The Memory Model Problem

When Pandas reads a CSV, here is what happens in memory:

import pandas as pd
import sys

df = pd.read_csv("users.csv")  # 1 million rows, 5 columns

# Check actual memory usage
print(df.memory_usage(deep=True).sum() / 1e6, "MB")

A CSV file with 1 million rows and 5 columns (id, name, email, age, signup_date) might be 80MB on disk. In a Pandas DataFrame, it consumes 250–350MB. Here is why:

String columns use Python objects. Each string value is a full Python str object with 50+ bytes of overhead (reference count, type pointer, hash, length, and the actual characters). A column of 1 million email addresses at 25 characters each costs ~75MB as raw bytes — but ~150MB as Python objects.

The dtype object is a lie. When you see dtype: object, Pandas stores an array of 8-byte pointers, each pointing to a heap-allocated Python object. This prevents vectorized operations and forces row-by-row Python interpreter overhead.

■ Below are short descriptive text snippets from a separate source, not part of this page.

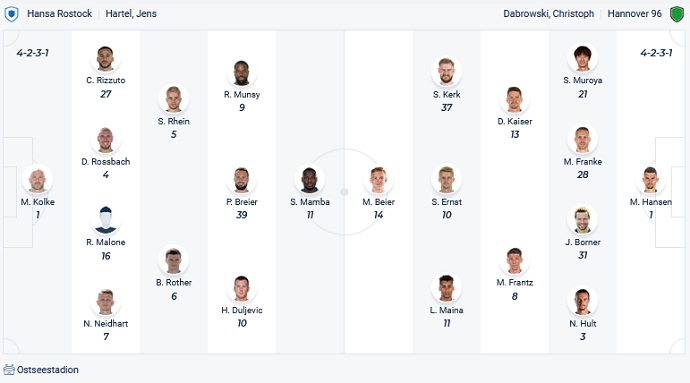 Nhận định, soi kèo Hansa Rostock vs Hannover, 0h30 ngày 15/1 - Ảnh 2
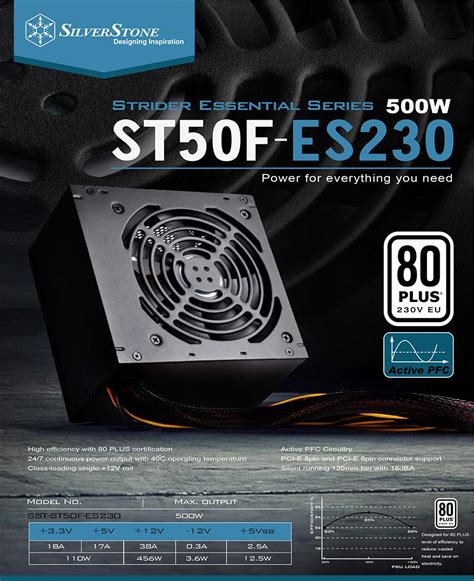 Silverstone Strider Essential St F Es V W Power Supply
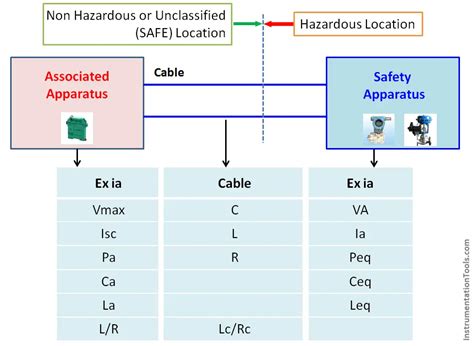 lowest current to intrinsically safe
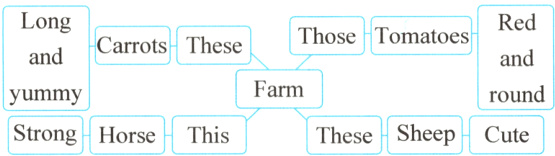 FarmroundyummyStrongHorseThisTheseSheepCute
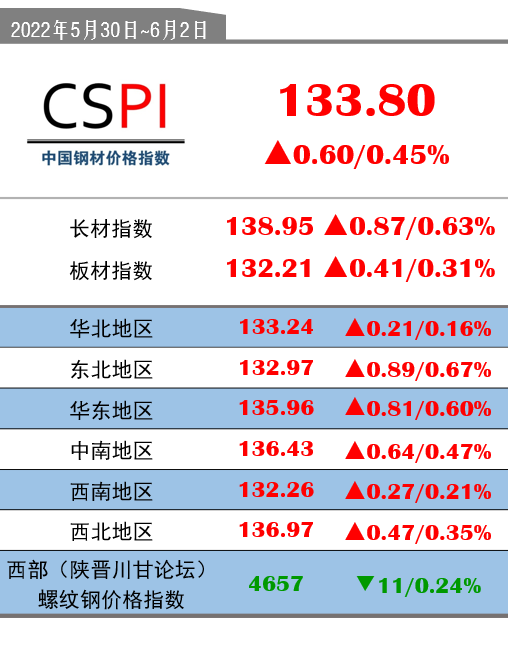 2024香港正版资料免费大全精准,全面理解执行计划_豪华版3.287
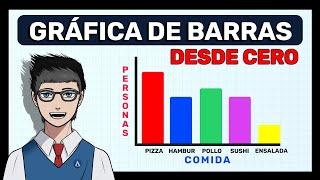 COMO HACER UNA GRAFICA DE BARRAS (Desde Cero)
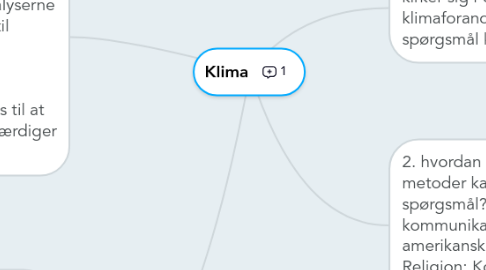 Mind Map: Klima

Operations copy by default. Most Pandas operations return a new DataFrame. Chaining five transformations creates five intermediate copies. Even with copy-on-write (introduced in Pandas 2.0), many operations still materialize full copies because the optimization cannot apply universally.

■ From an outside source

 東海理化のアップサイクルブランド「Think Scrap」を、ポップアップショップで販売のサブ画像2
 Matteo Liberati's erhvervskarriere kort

# Each line creates a new DataFrame in memory
df = df[df["age"] > 18]                    # Copy 1
df = df.assign(domain=df["email"].str.split("@").str[1])  # Copy 2
df = df.drop(columns=["email"])            # Copy 3
df = df.sort_values("signup_date")         # Copy 4
df = df.reset_index(drop=True)             # Copy 5
# Peak memory: ~5x the size of the original DataFrame

The Single-Thread Problem

Measure it yourself:

import pandas as pd
import numpy as np
import time

# Generate a realistic dataset
n = 20_000_000
rng = np.random.default_rng(42)
df = pd.DataFrame({
    "customer_id": rng.integers(0, 500_000, n),
    "product_id": rng.integers(0, 10_000, n),
    "amount": rng.uniform(1.0, 500.0, n).round(2),
    "category": rng.choice(["electronics", "clothing", "food", "books", "home"], n),
})

start = time.perf_counter()
result = df.groupby("category").agg(
    total=("amount", "sum"),
    mean_amount=("amount", "mean"),
    unique_customers=("customer_id", "nunique"),
)
elapsed = time.perf_counter() - start
print(f"Pandas groupby: {elapsed:.2f}s")
# Typical result on 8-core machine: 4.2 seconds (1 core used)

While this runs, open a system monitor. You will see one core at 100% and seven cores idle. You paid for an 8-core machine and Pandas uses 12.5% of it.

2.2 — Polars Fundamentals

Polars is a DataFrame library written in Rust, exposed to Python via PyO2. It was designed from scratch with three principles that directly address the Pandas failures above:

  1. Apache Arrow memory format — columnar, zero-copy, no Python object overhead
  2. Multi-threaded execution engine — automatic parallelism across all available cores
  3. Lazy evaluation with query optimization — predicate pushdown, projection pushdown, and join reordering

Install it:

uv add polars

Eager vs. Lazy: Two Modes, One Library

Polars offers both eager (DataFrame) and lazy (LazyFrame) execution. Eager mode behaves like Pandas — each operation executes immediately. Lazy mode builds a computation graph and optimizes it before execution.

Always default to lazy mode. Eager mode exists for interactive exploration. Production code should use scan_csv, scan_parquet, and .lazy() to enter lazy mode, and .collect() to trigger execution.

import polars as pl

# Eager: executes immediately (like Pandas)
df = pl.read_csv("orders.csv")
result = df.filter(pl.col("amount") > 100).group_by("category").agg(pl.col("amount").sum())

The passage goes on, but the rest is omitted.